How to complete this task:
Below are records to be reproduced exactly and in full.

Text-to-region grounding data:
#####

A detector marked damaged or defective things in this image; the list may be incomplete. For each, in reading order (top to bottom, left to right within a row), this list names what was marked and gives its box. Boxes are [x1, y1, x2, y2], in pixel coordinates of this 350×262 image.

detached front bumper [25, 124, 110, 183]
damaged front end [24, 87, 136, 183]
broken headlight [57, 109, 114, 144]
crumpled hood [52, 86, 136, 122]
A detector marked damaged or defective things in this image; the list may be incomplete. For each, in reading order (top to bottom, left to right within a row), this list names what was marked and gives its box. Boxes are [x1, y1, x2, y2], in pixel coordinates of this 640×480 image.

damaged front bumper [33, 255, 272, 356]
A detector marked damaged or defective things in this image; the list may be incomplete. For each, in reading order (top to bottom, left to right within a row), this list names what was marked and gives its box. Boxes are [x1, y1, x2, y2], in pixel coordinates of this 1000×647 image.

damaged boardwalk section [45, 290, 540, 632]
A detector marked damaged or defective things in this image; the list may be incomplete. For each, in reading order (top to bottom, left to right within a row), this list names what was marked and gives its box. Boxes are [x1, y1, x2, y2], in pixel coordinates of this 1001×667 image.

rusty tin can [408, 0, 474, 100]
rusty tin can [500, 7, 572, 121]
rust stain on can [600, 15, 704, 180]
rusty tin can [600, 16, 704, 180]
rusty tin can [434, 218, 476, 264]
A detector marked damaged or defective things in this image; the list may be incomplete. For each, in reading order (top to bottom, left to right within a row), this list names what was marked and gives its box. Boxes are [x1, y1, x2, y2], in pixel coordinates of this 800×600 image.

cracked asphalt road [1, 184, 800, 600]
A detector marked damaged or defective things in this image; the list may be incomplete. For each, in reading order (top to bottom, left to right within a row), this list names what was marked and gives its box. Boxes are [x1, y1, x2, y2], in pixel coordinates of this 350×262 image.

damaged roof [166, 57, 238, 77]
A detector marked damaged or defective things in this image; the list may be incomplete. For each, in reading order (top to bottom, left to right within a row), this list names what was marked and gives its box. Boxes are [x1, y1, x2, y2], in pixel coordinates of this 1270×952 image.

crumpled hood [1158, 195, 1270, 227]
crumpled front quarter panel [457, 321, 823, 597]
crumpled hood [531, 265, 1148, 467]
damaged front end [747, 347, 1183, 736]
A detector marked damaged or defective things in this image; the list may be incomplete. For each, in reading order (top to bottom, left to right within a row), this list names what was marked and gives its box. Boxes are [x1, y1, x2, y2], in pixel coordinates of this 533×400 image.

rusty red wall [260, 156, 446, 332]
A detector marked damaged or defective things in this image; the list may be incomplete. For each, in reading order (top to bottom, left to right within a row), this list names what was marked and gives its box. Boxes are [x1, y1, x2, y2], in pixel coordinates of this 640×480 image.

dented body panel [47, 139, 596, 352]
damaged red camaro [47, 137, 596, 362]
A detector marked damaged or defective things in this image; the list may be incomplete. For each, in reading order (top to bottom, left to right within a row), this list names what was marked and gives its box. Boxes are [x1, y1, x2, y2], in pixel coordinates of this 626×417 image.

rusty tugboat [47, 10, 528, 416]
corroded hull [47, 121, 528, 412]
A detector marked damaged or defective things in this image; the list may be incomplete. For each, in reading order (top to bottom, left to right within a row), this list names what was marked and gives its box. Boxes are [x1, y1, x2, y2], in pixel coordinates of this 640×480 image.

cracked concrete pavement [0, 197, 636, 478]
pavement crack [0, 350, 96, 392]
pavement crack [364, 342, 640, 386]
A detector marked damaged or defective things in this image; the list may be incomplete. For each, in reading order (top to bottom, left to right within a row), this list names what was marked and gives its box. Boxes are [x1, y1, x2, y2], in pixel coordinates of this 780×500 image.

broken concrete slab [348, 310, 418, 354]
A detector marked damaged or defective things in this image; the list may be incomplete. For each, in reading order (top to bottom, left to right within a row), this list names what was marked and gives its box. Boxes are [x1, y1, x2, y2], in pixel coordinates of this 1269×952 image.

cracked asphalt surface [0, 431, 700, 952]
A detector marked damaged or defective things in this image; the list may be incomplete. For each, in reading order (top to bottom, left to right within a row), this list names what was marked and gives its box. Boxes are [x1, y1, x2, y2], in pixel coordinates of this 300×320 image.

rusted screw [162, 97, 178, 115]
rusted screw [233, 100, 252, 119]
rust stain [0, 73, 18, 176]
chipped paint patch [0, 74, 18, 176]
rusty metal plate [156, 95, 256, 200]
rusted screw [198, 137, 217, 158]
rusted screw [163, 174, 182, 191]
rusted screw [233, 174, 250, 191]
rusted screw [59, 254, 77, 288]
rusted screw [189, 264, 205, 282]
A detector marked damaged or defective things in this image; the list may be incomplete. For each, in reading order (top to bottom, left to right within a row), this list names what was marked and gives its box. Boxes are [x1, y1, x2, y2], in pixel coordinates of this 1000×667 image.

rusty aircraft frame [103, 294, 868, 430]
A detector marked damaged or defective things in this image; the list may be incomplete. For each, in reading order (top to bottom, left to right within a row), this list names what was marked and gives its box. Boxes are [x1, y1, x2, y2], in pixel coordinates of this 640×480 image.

#####

Answer area:
A detector marked damaged or defective things in this image; the list may be incomplete. For each, in reading order (top to bottom, left to right within a row), this list names what was marked and gives its box. Boxes are [x1, y1, x2, y2], in pixel coordinates of this 350×262 image.

detached front bumper [25, 124, 110, 183]
damaged front end [24, 87, 136, 183]
broken headlight [57, 109, 114, 144]
crumpled hood [52, 86, 136, 122]
A detector marked damaged or defective things in this image; the list may be incomplete. For each, in reading order (top to bottom, left to right within a row), this list names what was marked and gives its box. Boxes are [x1, y1, x2, y2], in pixel coordinates of this 640×480 image.

damaged front bumper [33, 255, 272, 356]
A detector marked damaged or defective things in this image; the list may be incomplete. For each, in reading order (top to bottom, left to right within a row), this list names what was marked and gives its box. Boxes are [x1, y1, x2, y2], in pixel coordinates of this 1000×647 image.

damaged boardwalk section [45, 290, 540, 632]
A detector marked damaged or defective things in this image; the list may be incomplete. For each, in reading order (top to bottom, left to right within a row), this list names what was marked and gives its box. Boxes are [x1, y1, x2, y2], in pixel coordinates of this 1001×667 image.

rusty tin can [408, 0, 474, 100]
rusty tin can [500, 7, 572, 121]
rust stain on can [600, 15, 704, 180]
rusty tin can [600, 16, 704, 180]
rusty tin can [434, 218, 476, 264]
A detector marked damaged or defective things in this image; the list may be incomplete. For each, in reading order (top to bottom, left to right within a row), this list names what was marked and gives its box. Boxes are [x1, y1, x2, y2], in pixel coordinates of this 800×600 image.

cracked asphalt road [1, 184, 800, 600]
A detector marked damaged or defective things in this image; the list may be incomplete. For each, in reading order (top to bottom, left to right within a row), this list names what was marked and gives its box. Boxes are [x1, y1, x2, y2], in pixel coordinates of this 350×262 image.

damaged roof [166, 57, 238, 77]
A detector marked damaged or defective things in this image; the list may be incomplete. For each, in reading order (top to bottom, left to right within a row), this list names what was marked and gives its box. Boxes are [x1, y1, x2, y2], in pixel coordinates of this 1270×952 image.

crumpled hood [1158, 195, 1270, 227]
crumpled front quarter panel [457, 321, 823, 597]
crumpled hood [531, 265, 1148, 467]
damaged front end [747, 347, 1183, 736]
A detector marked damaged or defective things in this image; the list may be incomplete. For each, in reading order (top to bottom, left to right within a row), this list names what was marked and gives its box. Boxes are [x1, y1, x2, y2], in pixel coordinates of this 533×400 image.

rusty red wall [260, 156, 446, 332]
A detector marked damaged or defective things in this image; the list may be incomplete. For each, in reading order (top to bottom, left to right within a row), this list names what was marked and gives its box. Boxes are [x1, y1, x2, y2], in pixel coordinates of this 640×480 image.

dented body panel [47, 139, 596, 352]
damaged red camaro [47, 137, 596, 362]
A detector marked damaged or defective things in this image; the list may be incomplete. For each, in reading order (top to bottom, left to right within a row), this list names what was marked and gives its box. Boxes are [x1, y1, x2, y2], in pixel coordinates of this 626×417 image.

rusty tugboat [47, 10, 528, 416]
corroded hull [47, 121, 528, 412]
A detector marked damaged or defective things in this image; the list may be incomplete. For each, in reading order (top to bottom, left to right within a row), this list names what was marked and gives its box. Boxes are [x1, y1, x2, y2], in pixel coordinates of this 640×480 image.

cracked concrete pavement [0, 197, 636, 478]
pavement crack [0, 350, 96, 392]
pavement crack [364, 342, 640, 386]
A detector marked damaged or defective things in this image; the list may be incomplete. For each, in reading order (top to bottom, left to right within a row), this list names what was marked and gives its box. Boxes are [x1, y1, x2, y2], in pixel coordinates of this 780×500 image.

broken concrete slab [348, 310, 418, 354]
A detector marked damaged or defective things in this image; the list may be incomplete. For each, in reading order (top to bottom, left to right within a row), this list names what was marked and gives its box. Boxes are [x1, y1, x2, y2], in pixel coordinates of this 1269×952 image.

cracked asphalt surface [0, 431, 700, 952]
A detector marked damaged or defective things in this image; the list may be incomplete. For each, in reading order (top to bottom, left to right within a row), this list names what was marked and gives its box. Boxes are [x1, y1, x2, y2], in pixel coordinates of this 300×320 image.

rusted screw [162, 97, 178, 115]
rusted screw [233, 100, 252, 119]
rust stain [0, 73, 18, 176]
chipped paint patch [0, 74, 18, 176]
rusty metal plate [156, 95, 256, 200]
rusted screw [198, 137, 217, 158]
rusted screw [163, 174, 182, 191]
rusted screw [233, 174, 250, 191]
rusted screw [59, 254, 77, 288]
rusted screw [189, 264, 205, 282]
A detector marked damaged or defective things in this image; the list may be incomplete. For each, in reading order (top to bottom, left to right within a row), this list names what was marked and gives its box. Boxes are [x1, y1, x2, y2], in pixel coordinates of this 1000×667 image.

rusty aircraft frame [103, 294, 868, 430]
A detector marked damaged or defective things in this image; the list may be incomplete. For each, in reading order (top to bottom, left to right within a row), this list names what was marked and gives its box. Boxes are [x1, y1, x2, y2], in pixel coordinates of this 640×480 image.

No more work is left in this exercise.